Short descriptive text snippets:
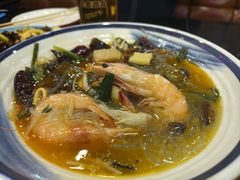 -瑞杰烧烤店·24小时营业(山东路店)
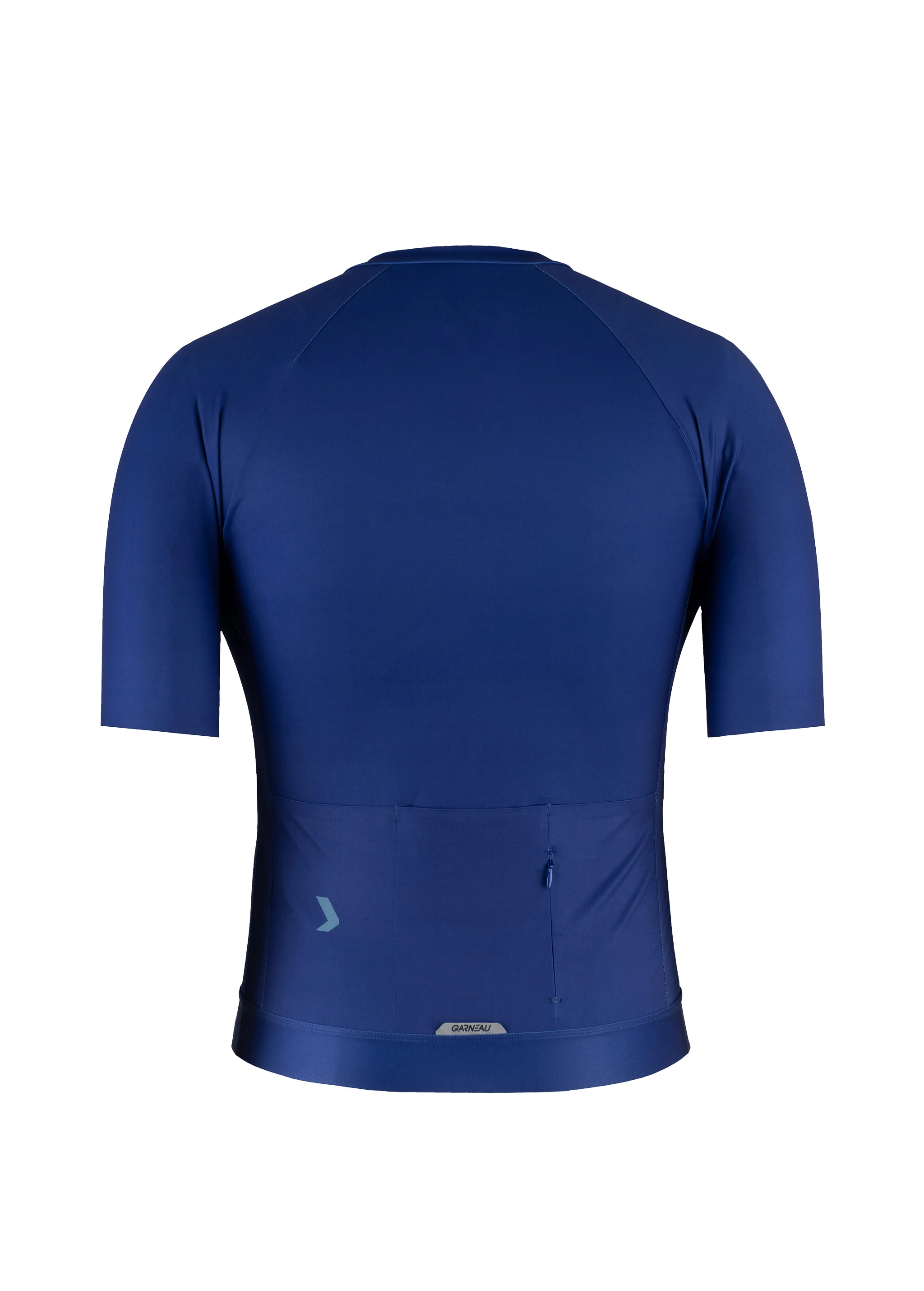 Speed Evo Jersey - Image 2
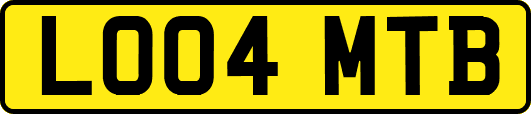 LO04MTB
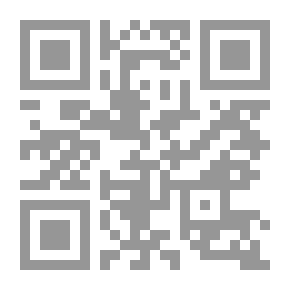 Qr Code تعلم واحترف Delphi 7
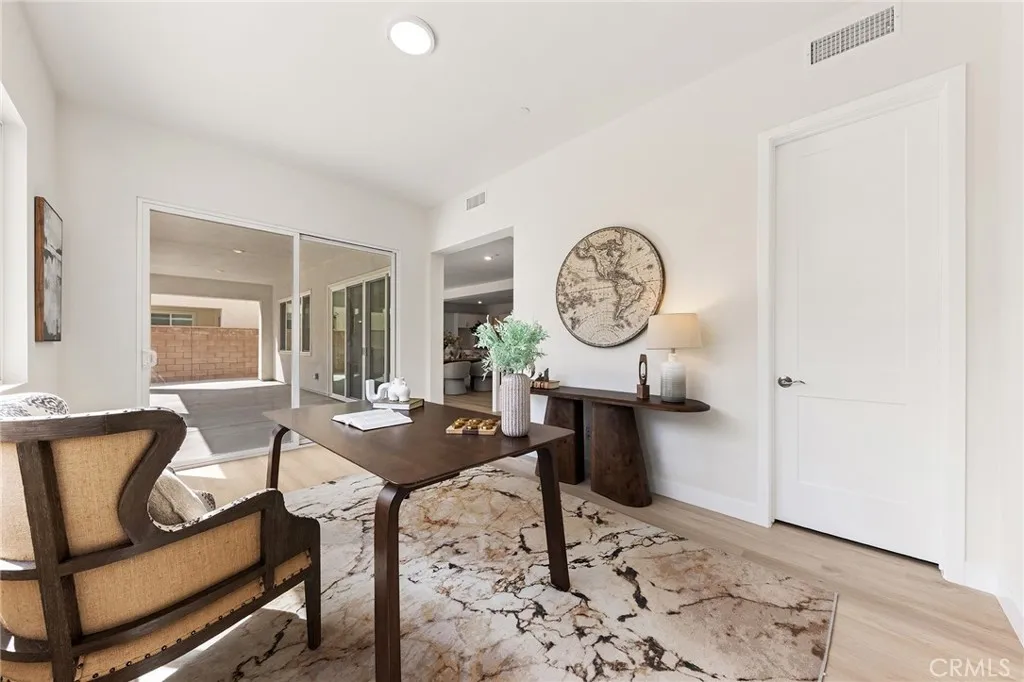 Additional image 78 of 2530 E Penelope Ln, Ontario, CA 91762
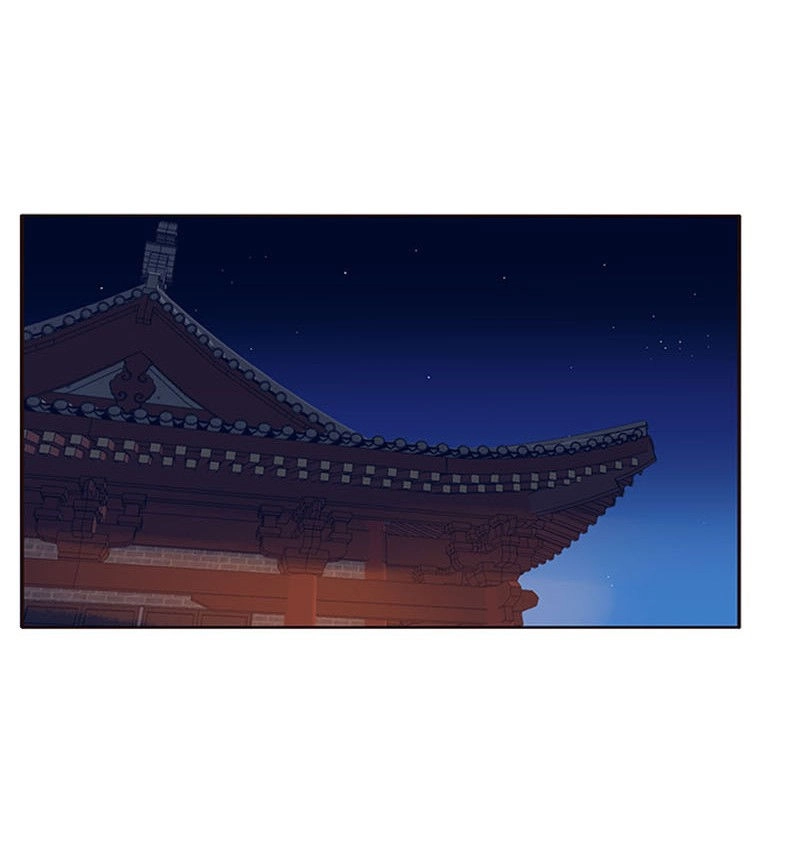 Thông Linh Phi Chapter 330 - 17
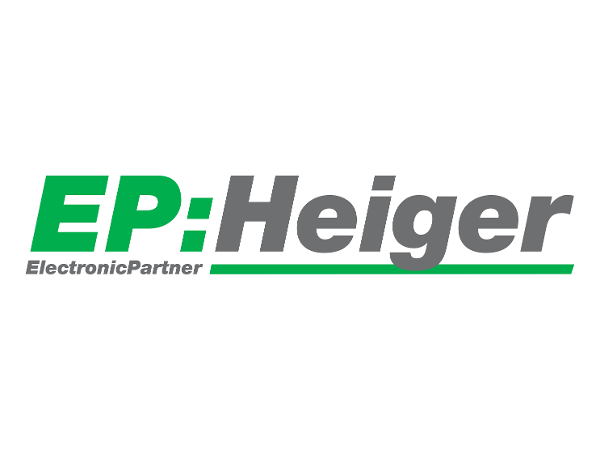 Bild 1 von EP:Heiger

EXERCISE OBJECTIVE:
Only the pictures are to be left out, and all of the data must otherwise be transcribed exactly.

ANSWER BELOW:
 -瑞杰烧烤店·24小时营业(山东路店)
 Speed Evo Jersey - Image 2
 LO04MTB
 Qr Code تعلم واحترف Delphi 7
 Additional image 78 of 2530 E Penelope Ln, Ontario, CA 91762
 Thông Linh Phi Chapter 330 - 17
 Bild 1 von EP:Heiger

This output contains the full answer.